Como o senhor avalia o aumento da concorrência no setor de entregas?
Com a consolidação do e-commerce e a digitalização da vida, a logística ganhou um papel central nos negócios. Essa demanda, unida ao surgimento de novos modelos logísticos, aumentou a concorrência no setor, porém a necessidade é muito vasta e diferenciada. Os níveis de serviço cresceram também em termos de qualidade, agilidade, controle e eficiência. Logo, equacionar todas essas questões é um desafio enorme que exige equipe qualificada, tecnologias e grandes investimentos em inovação. O uso intensivo do big data, de análises preditivas e inteligência artificial são as novas fronteiras da logística que apenas empresas muito preparadas poderão fazer em escala.

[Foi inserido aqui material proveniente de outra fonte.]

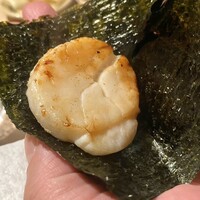 鮨 秀とら -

Quais são os mercados em que a DHL mais cresce no mundo?
Em termos de setor, e-commerce é um dos principais focos de crescimento. Em termos de serviço, temos investido bastante na área de transportes, digitalização de serviços logísticos e inovação. Considerando o último balanço do grupo, houve uma distribuição homogênea dos resultados entre as regiões geográficas. A DHL Supply Chain globalmente chegou a concluir no primeiro trimestre contratos adicionais no valor de € 135 milhões com clientes novos e existentes, apesar da crise.

“A pandemia do novo coronavírus trouxe desafios adicionais como restrições a circulação de pessoas e veículos em alguns países e a diminuição da malha aérea” (Crédito:Edward Shaw)

A recessão brasileira e mundial neste ano pode comprometer ou adiar os necessários investimentos em infraestrutura?
É difícil prever, dado os grandes desafios que o mundo está vivendo neste momento, mas esperamos que eles possam ser mantidos, pelo menos em parte, até como forma de dar mais vigor para a economia e para a geração de empregos.

Como a DHL lida com o processo de digitalização na logística?
A DHL Supply Chain possui uma abordagem estruturada para impulsionar a implantação em massa de novas tecnologias, um diferencial importante em relação à concorrência. Temos uma agenda de digitalização dedicada, concentrada em mais de dez tendências de foco: drones, robótica, veículos autônomos, impressão 3D, intenet das coisas (IoT) e wearables, realidade virtual e aumentada, visibilidade da cadeia de suprimentos, otimização de transporte, otimização de armazém, blockchain, além de tecnologias que nos permitirão transformar os negócios de maneira estruturada.

Quais tecnologias têm maior potencial?
Como operador logístico, vemos o maior benefício no campo da robótica colaborativa, veículos e equipamentos autônomos, wearables inteligentes e realidade aumentada, mas também em objetos conectados através de tecnologias IoT. Há também grande potencial em todo o campo de coleta, análise de dados e automação, incluindo machine learning.

No Brasil, a DHL se envolveu em alguma iniciativa social na pandemia?
Sabemos que a pandemia teve um impacto direto na vida de toda a população. O apoio a iniciativas sociais reforça nosso propósito de conectar pessoas e melhorar vidas e nos permite minimizar essas dificuldades no momento em que a logística tem um papel fundamental para entregas ágeis àqueles que mais precisam. Por exemplo, a DHL Supply Chain apoiou a L’Oréal no fornecimento de álcool em gel e produtos de higiene para comunidades pobres do Rio de Janeiro e fez o manuseio e transporte de itens básicos em algumas regiões do Brasil. Como fornecedora de logística hospitalar, a DHL Supply Chain está trabalhando duro em instalações envolvidas no tratamento do Covid-19 em São Paulo. Também criamos várias iniciativas para ajudar famílias e comunidades em áreas próximas a nossas instalações.